A European Pressurised Reactor yesterdayThere is only one response to the news that an energy consortium has been granted a licence to operate two new nuclear reactors at Hinkley Point in the UK: We’ll believe it when we see it.

Two of the biggest questions that are asked when energy companies decide to build a new nuclear reactor are: “How much will it cost?” and “When will it be finished?” – In this case the energy companies in the NNB GenCo joint venture to build new reactors are French energy giant EdF and its partner Centrica.

Both questions have the same – and only – answer: We’ll tell you when it’s finished.

Just don’t expect that answer to come from the mouth of a nuclear industry lobbyist.

(Two other big questions are: “Is it safe?” and “What are you going to do with all that nuclear waste?” They also both have the same answer: It’s somebody else’s problem.)

Cases where nuclear reactors have been built on time and on budget are incredibly rare. There are only four other nuclear reactors being built in Europe right now. Construction of two new reactors at Mochovce in Slovakia began in 1987 and, after many delays and shortage of finance, they may be complete in 2012 or 2013. That's a mere 26 years.

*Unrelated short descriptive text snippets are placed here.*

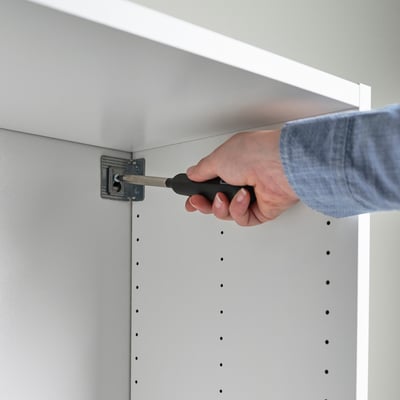 A person is assembling a white cabinet with a screwdriver, securing it to the wall. The cabinet has visible holes for screws.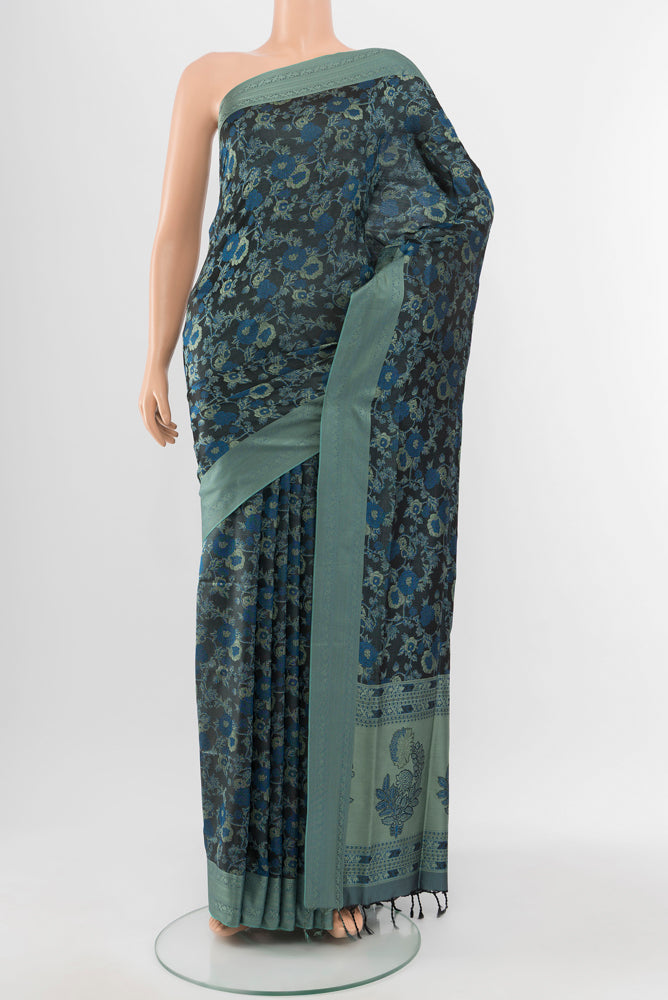 Multi Color Soft Silk Saree with Jacquard With Thread Butta on the body and Silk Border.  displayed on a mannequin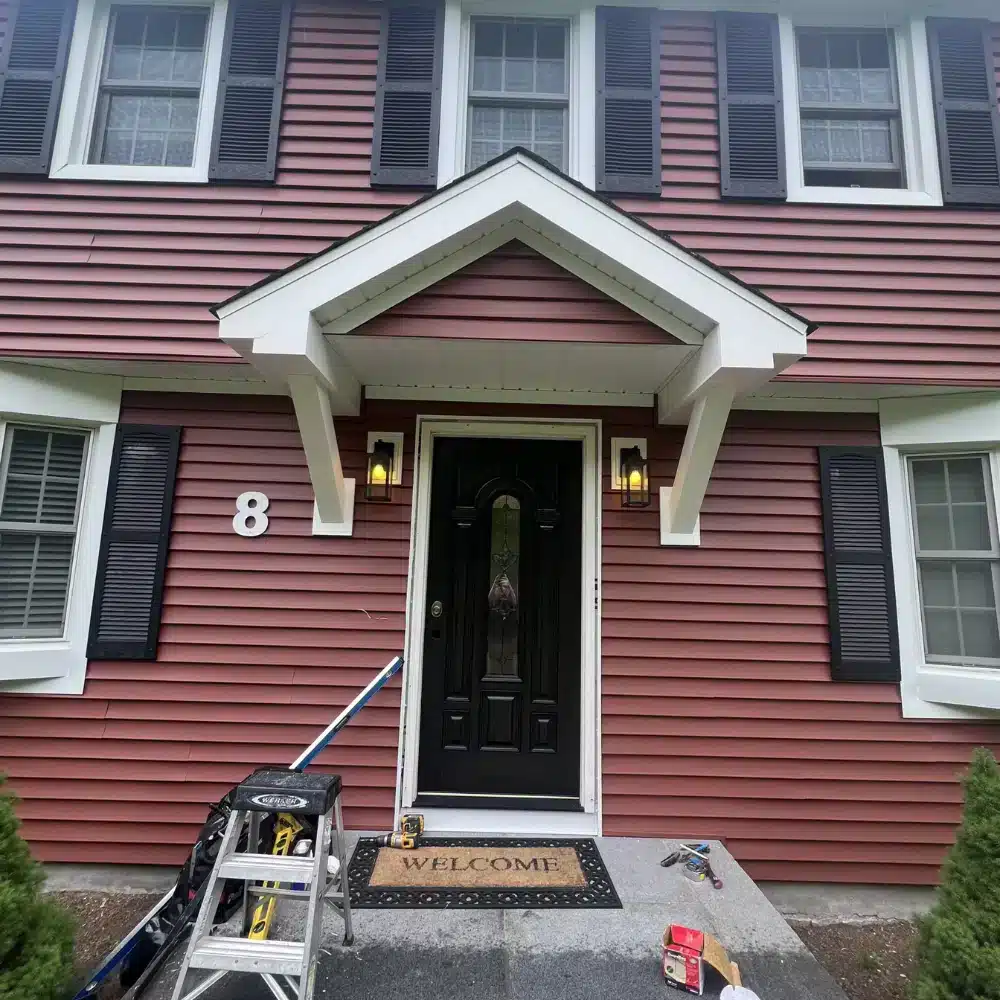 Understanding Window Installation Techniques and Considerations Professional vinyl siding contractor installing exterior siding on a home in South Windsor Connecticut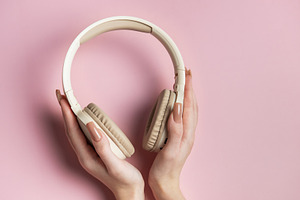 Woman holding wireless headphones on pink background, a Technology Photo by Olena Rudo
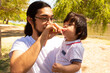 © Antonio Tanaka - portrait of a Hispanic father and baby in a park smiling and having fun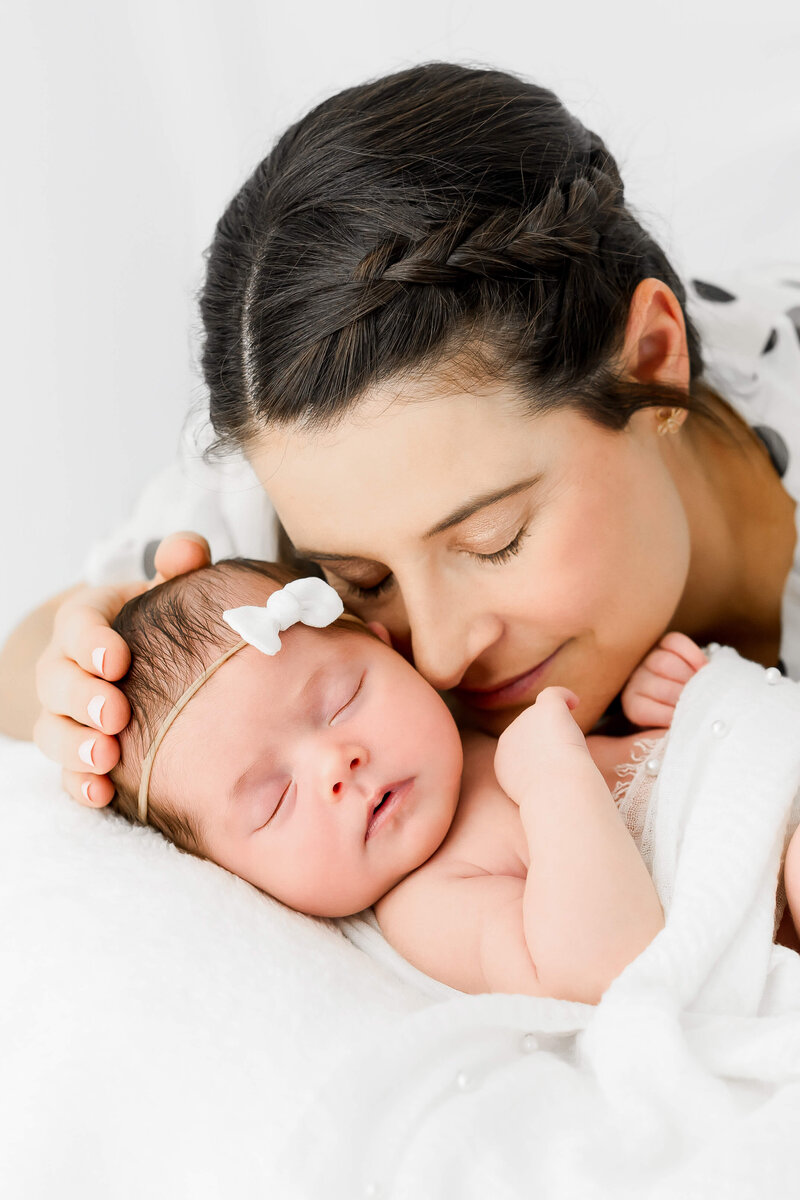 A new mom with dark hair snuggles her sleeping newborn cheek to cheek on a white bed.
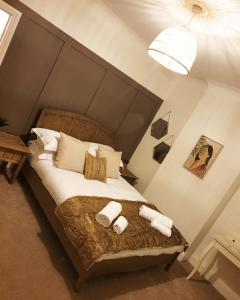 a bedroom with a bed with two rolled towels at Dora Cottage in Formby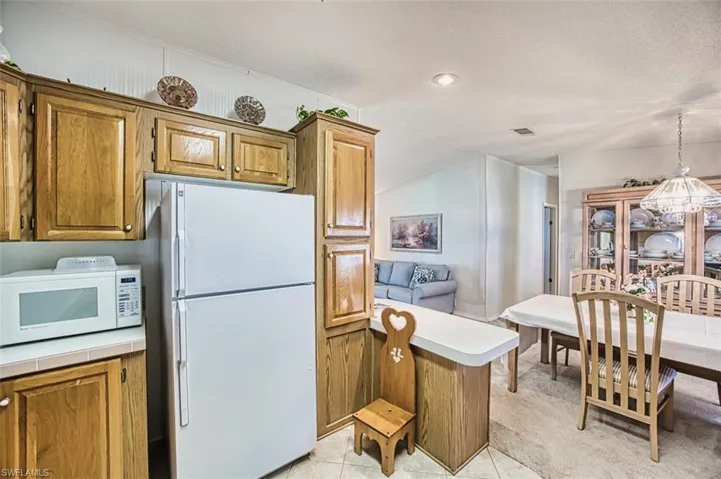 Kitchen with white appliances, brown cabinets, a textured ceiling, a peninsula, and light carpet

The new reactor at Olkiluoto in Finland is currently six years behind schedule and at least €3.6 billion over budget.

Another reactor, at Flamanville in France, is five years late and its cost has doubled to €6 bn. Both French and Finnish reactors are the so-called revolutionary third generation European Pressurized Reactor (EPR) and have suffered the same disturbing safety and construction failures. It’s this design that EdF and Centrica want to build in the UK.

That’s more than €12 bn in total wasted. Can you imagine the renewable energy and energy saving projects that could have been built using that money?

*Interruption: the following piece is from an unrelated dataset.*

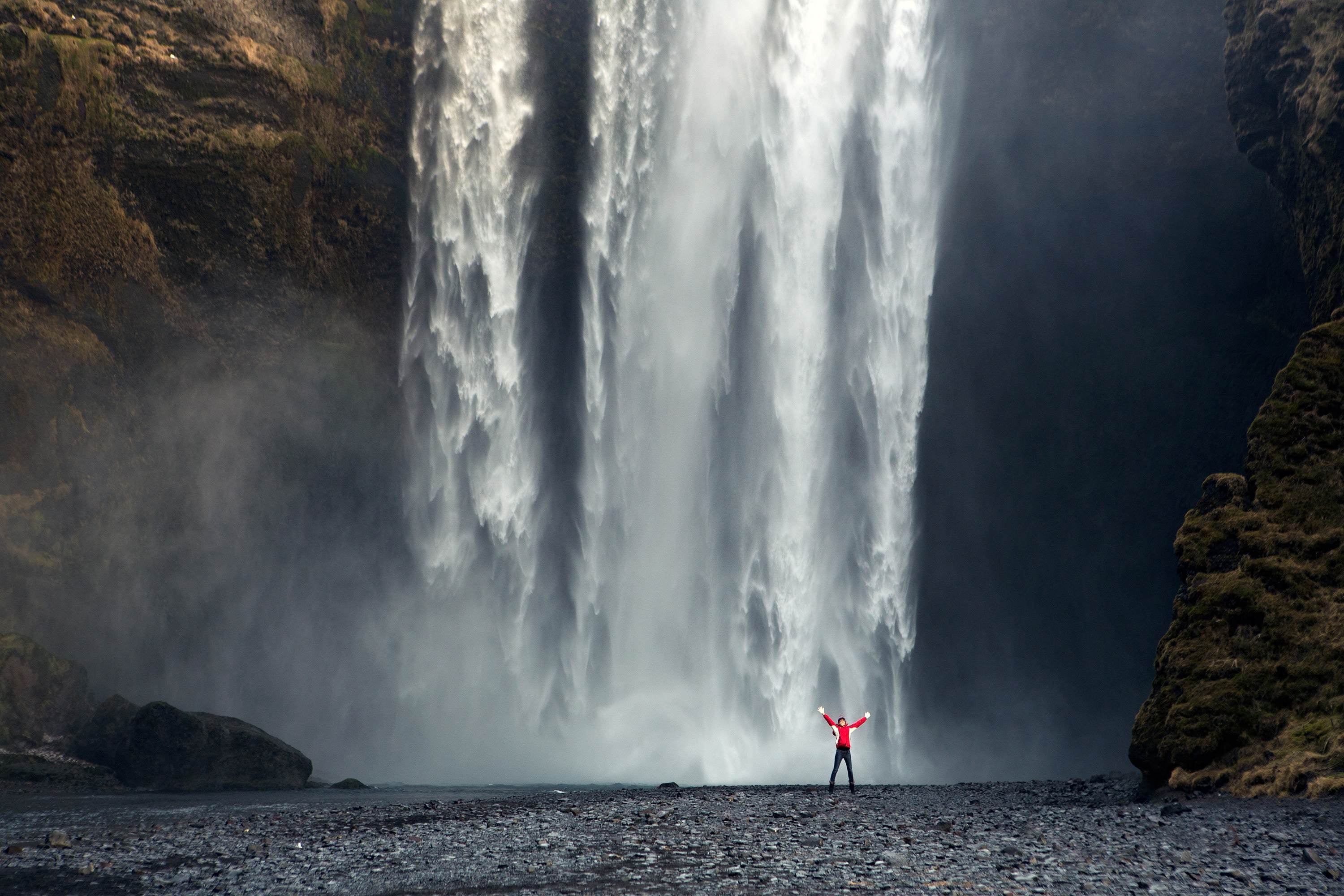 A traveler posing in front of the mighty cascade of the Skogafoss waterfall.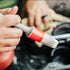 That Detail Shop detailing brush with white bristles and red ferrule cleaning car interior.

It’s not just new European reactors that have these crippling problems. EPR reactors being built in China are having precisely the same construction and safety problems as their French and Finnish cousins. The schedule for a new nuclear plant in Georgia, US is slipping. The Watts Bar nuclear power plant in Tennessee is late and massively over budget.

Even repairing already existing reactors is a process where budgets and schedules might as well be written in smoke.

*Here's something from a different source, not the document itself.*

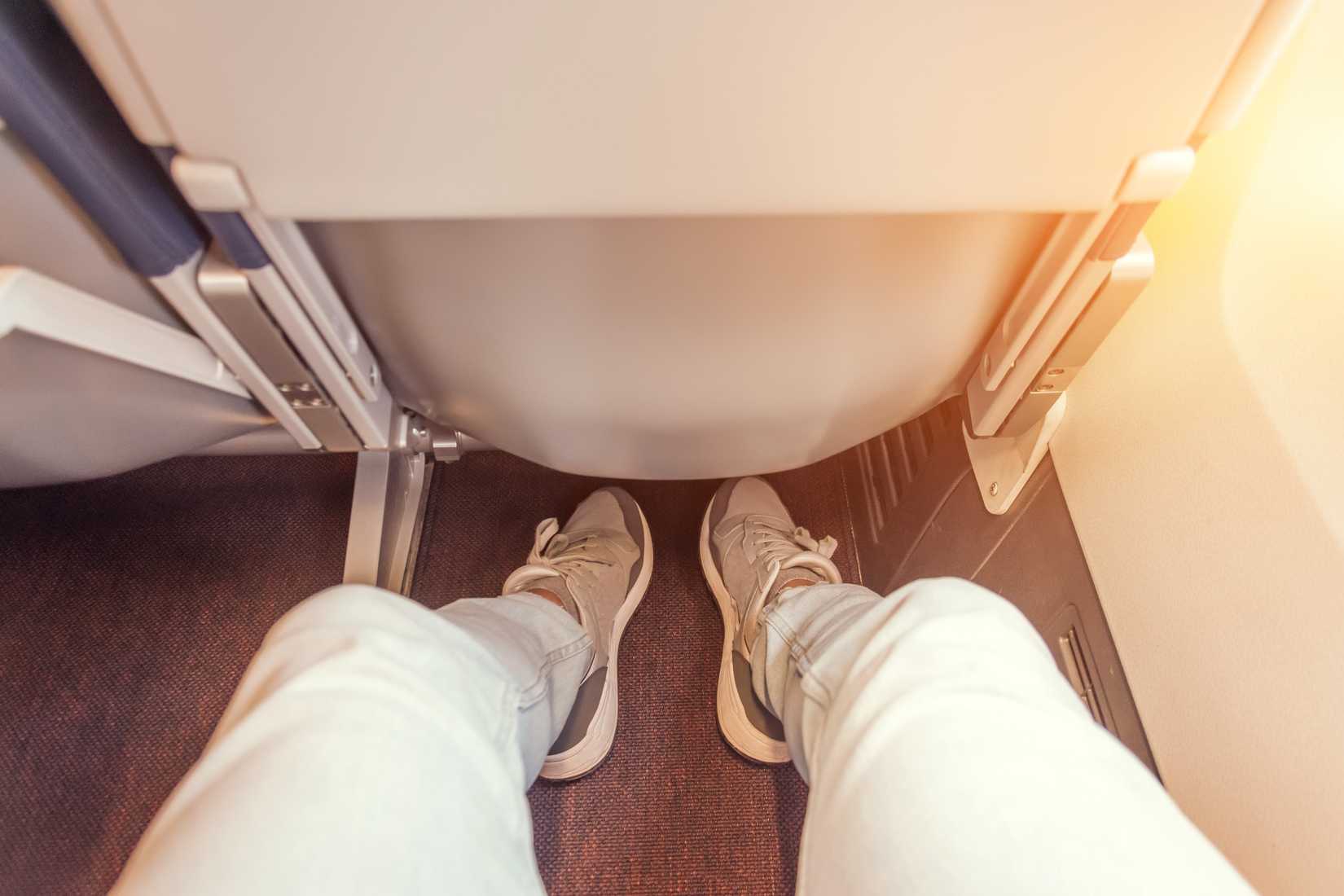 Enough legroom between the seats in the passenger plane, the view of the men's legs. Comfortable flight free space plus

Still, all these failures don’t stop the nuclear industry being relentlessly upbeat and overly optimistic. Tatsuro Ishizuka, vice president of Hitachi which has just joined another consortium - Horizon Nuclear Power — that hopes to build nuclear reactors at Wylfa and Oldbury in the UK — said recently: “Our aim is to build safe nuclear power stations, on time and on budget, to provide long-term, affordable energy.”

Read that again. It’s an aim. Not a promise or a guarantee. The nuclear industry doesn’t do promises or guarantees.

I hereby announce my “aim” to be President of the World by 2020.